Following his televised address on 8 October, Sébastien Lecornu has formally submitted his resignation and is now acting in a caretaker capacity. The Élysée has confirmed that President Macron will appoint a new Prime Minister within 48 hours, likely before the weekend.
Speculation continues around possible successors, though several leading political figures, including Jean-Louis Borloo, have publicly denied contact with the presidency. The next Prime Minister will inherit the urgent task of finalising and defending the 2026 budget, expected to be presented to Parliament on Monday.
Lecornu reiterated last night that he will not return to Matignon, emphasising that a workable majority still exists to prevent dissolution. He confirmed a fiscal deficit target revised to 4.7-5.0 % of GDP, signaling moderate flexibility to secure parliamentary approval.

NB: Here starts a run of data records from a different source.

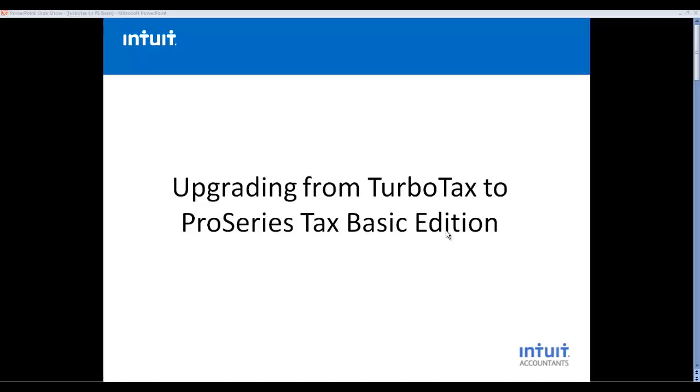Thank you for taking time to watch this video showing how simple it can be to upgrade from TurboTax software to the ProSeries Tax Basic Edition. The two programs are very similar in design. In fact, the two programs share the same data entry style and screens, so the learning curve is extremely short.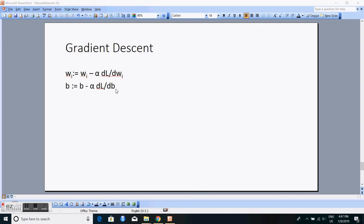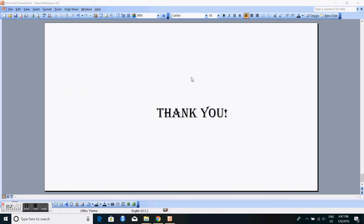Once you have the values of dl/dwi and dl/db, you can iteratively apply gradient descent to update the weights. Each iteration, you compute the cost; you keep finding the lowest cost until you reach a point where the cost does not decrease much, and at that point you stop gradient descent. The resulting weights are the best set of weights for your logistic regression or neural network. Thank you.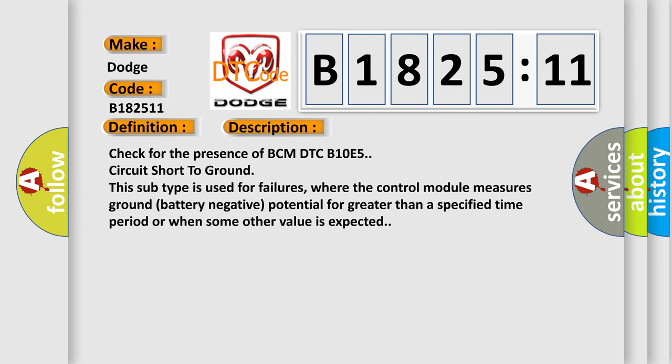And now this is a short description of this DTC code. Check for the presence of BCM DTC B10E5 circuit short to ground. This subtype is used for failures where the control module measures ground battery negative potential for greater than a specified time period or when some other value is expected.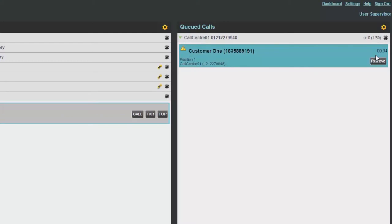As a supervisor, you can retrieve a call from a queue. To do this, select the queue pane and select the call you would like to retrieve, and then select Retrieve.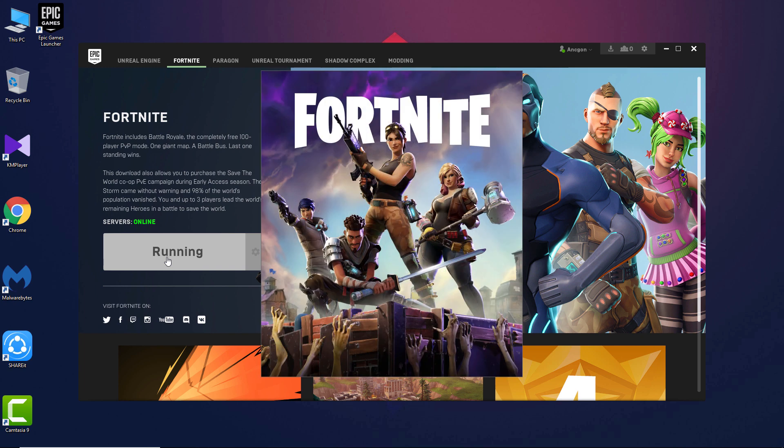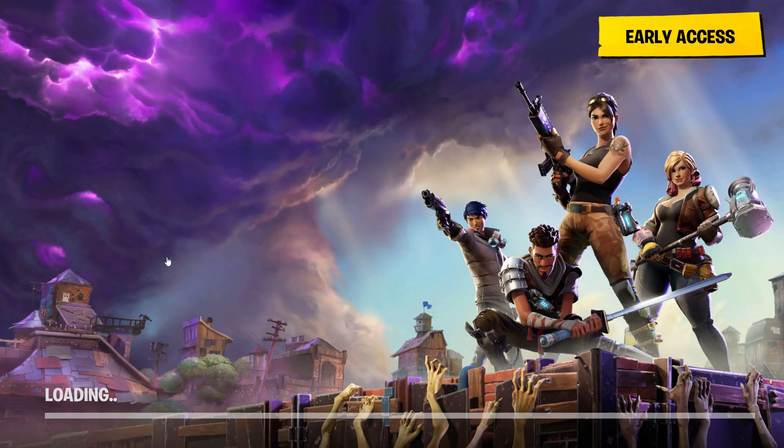As you guys can see, the game is now running. I'm pretty sure it will also work for you. If not, it might be a different issue, but comment down below if you are having any other issue and I will try to help.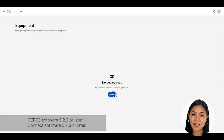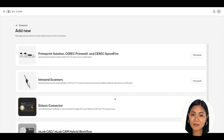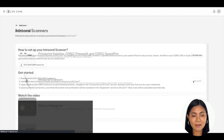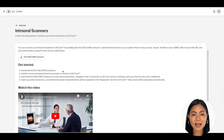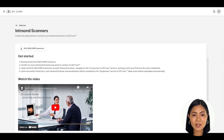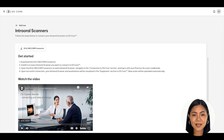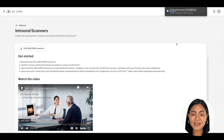Navigate to your equipment list and click the blue button. Once you see a list of devices to connect, scroll to the Intraoral Scanners section and click on the white View Guide button. A set of instructions will appear on how to start connecting your intraoral scanner. Follow the four steps, and if you need additional assistance, you can watch the setup video. To download the connector in Step 1, simply click on the white DI and CAD/CAM connector button to start the process.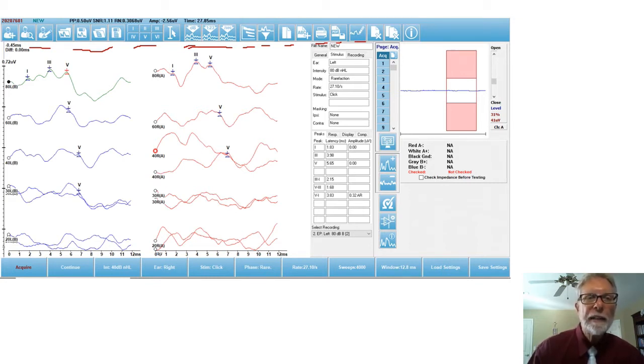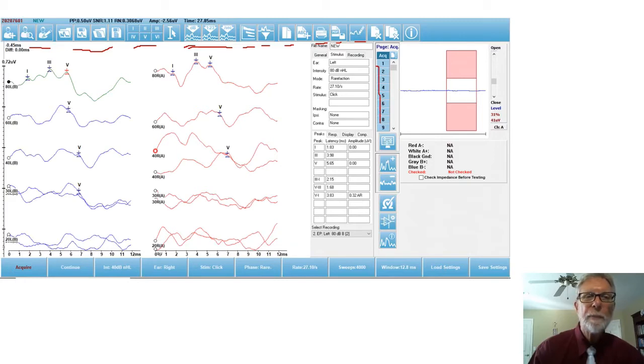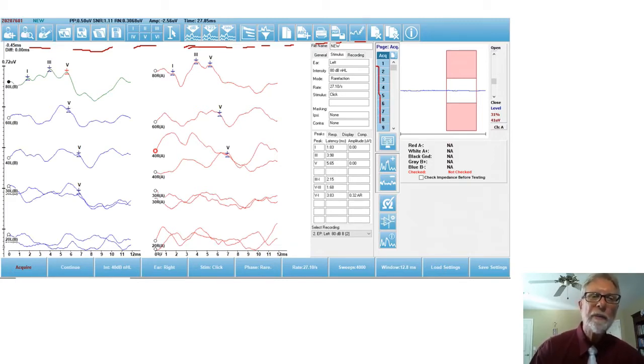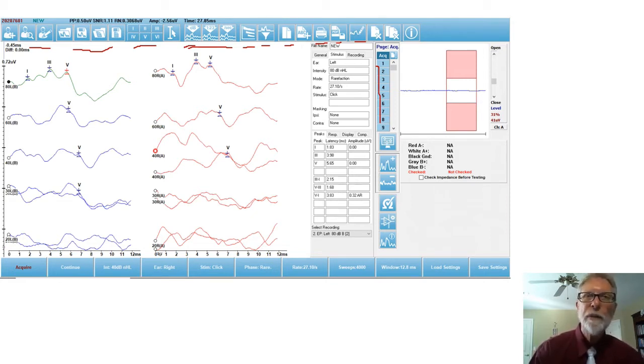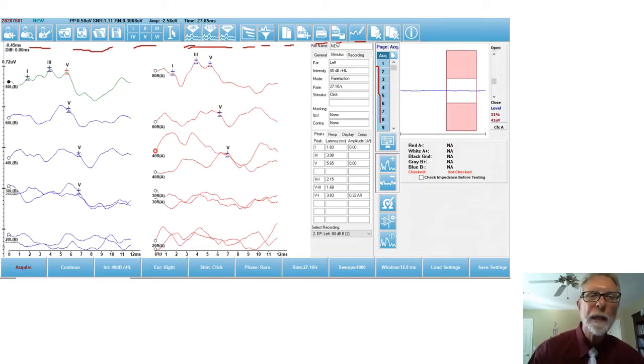Next to that, this I found is really, really convenient. This list right here, that's pages. You have nine pages and you can assign whatever you want to each page. For example, if I did ABR, ECOG, VEMP, OAE on a patient, I want my ABRs to be page one.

The President’s immediate priority is to secure a government capable of passing the 2026 budget. A “non-censure agreement”, allowing the Assembly to adopt the budget without triggering a vote of no confidence, now appears the most plausible path to short-term stability.
If consensus proves impossible, Macron still holds the option of dissolving the National Assembly, though it remains politically risky and widely opposed within Parliament, especially among his own supporters and one part of the left coalition. The only ones to call for a dissolution are the extreme right and left deputies.

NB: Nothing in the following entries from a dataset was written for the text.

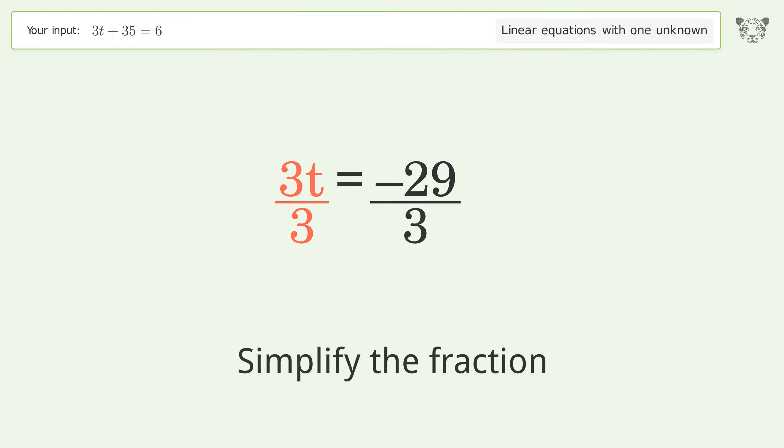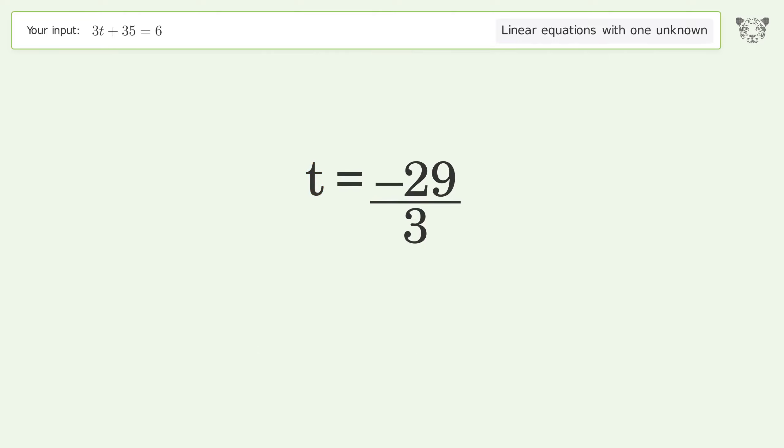Simplify the fraction. The final result is t equals negative 29 over 3.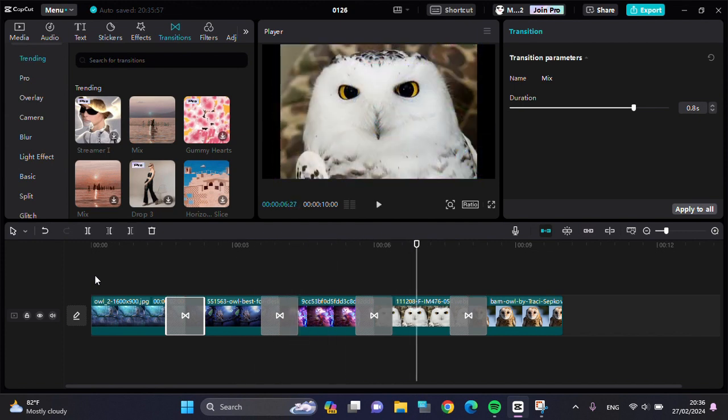I guess that's how we can apply sim transitions to all clips in CapCut PC. I hope this tutorial will be useful for you. Thank you so much for watching and see you in the next video.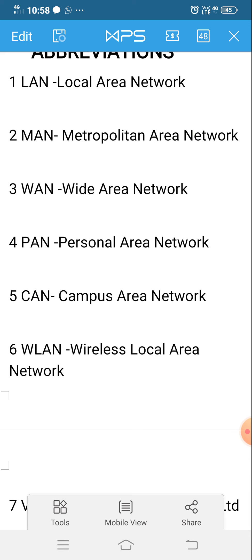LAN means Local Area Network — the network within your campus or within a particular limited area. Metropolitan Area Network means the network within your city. Wide Area Network means the network within your country or outside the country.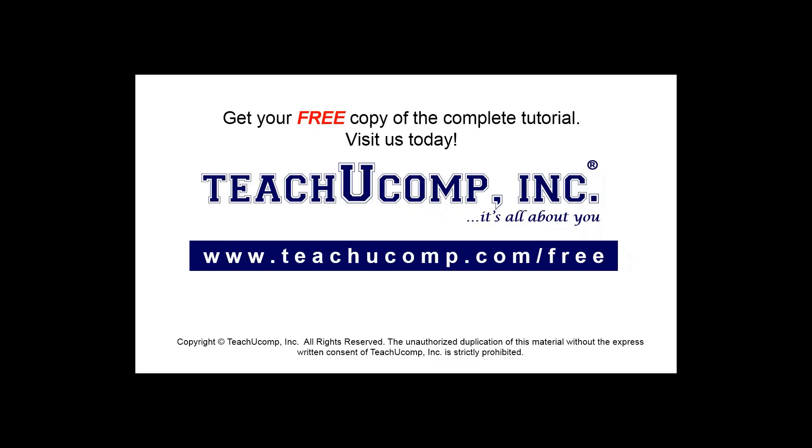Get your free copy of the complete tutorial at www.teachucomp.com/free.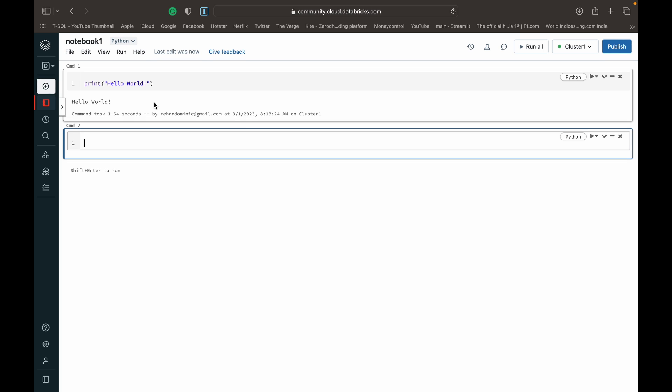That's it for this video where we set up a Databricks community edition, where you guys can work on PySpark for free. In the next few videos, we'll be diving deep into PySpark starting from the basics, but working our way up to some quite complicated concepts. Don't forget to subscribe to the channel and turn on your reminders to stay updated with all of our releases. Thank you guys.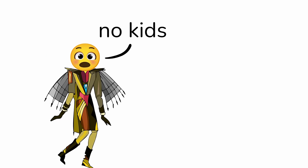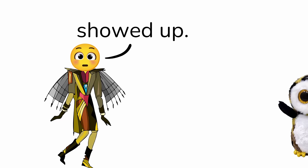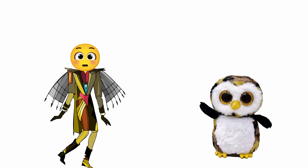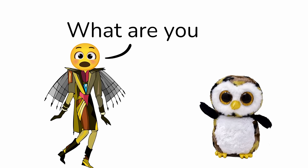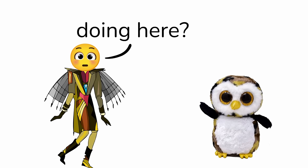Seems like no kids showed up. Hi, what's up? Hi, what are you doing here?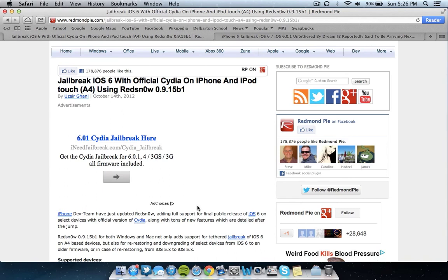So hopefully that updated you guys. Hopefully that cleared up some questions. Hopefully you guys haven't downloaded the dream jailbreak because that's not actually going to work. That's completely a hoax. And hopefully this helped you out with your jailbreak needs.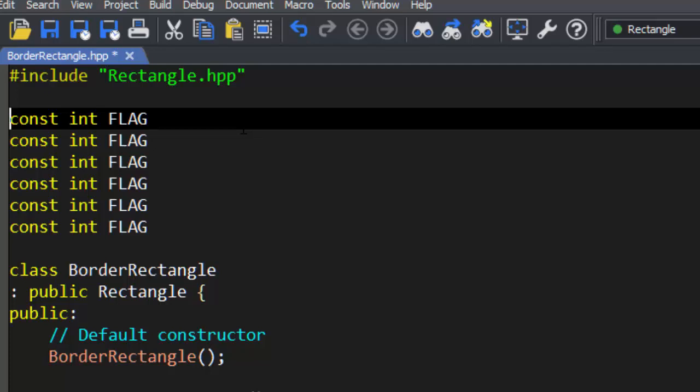SlickEdit and its Enumerate feature will put an ascending number on each line of a column or block selection. This can be useful for a number of things, including creating a set of flags.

Economic and business implications
The political uncertainty that has persisted since July, marked by the failed pension conclave, the announcement of €44 billion in savings in the 2025 budget, and the resignation of the Prime Minister, is already weighing on the French economy. Growth expectations have fallen from 1% to 0.8%, and many firms have begun to freeze investments and recruitment in anticipation of further instability.
Should a non-censure agreement permit the 2026 budget to pass, markets would likely experience a brief easing, driven by relief that the institutional crisis is receding. Yet the price of stability will be heavy: the likely suspension of the pension reform, higher corporate and high-income taxation, and slower reduction of public expenditure.
Such measures would avert immediate paralysis, but at the expense of delaying France’s longer-term fiscal and structural recovery. Bond yields, investor sentiment, and the euro’s trajectory will continue to respond sharply to signals from Paris in the coming days.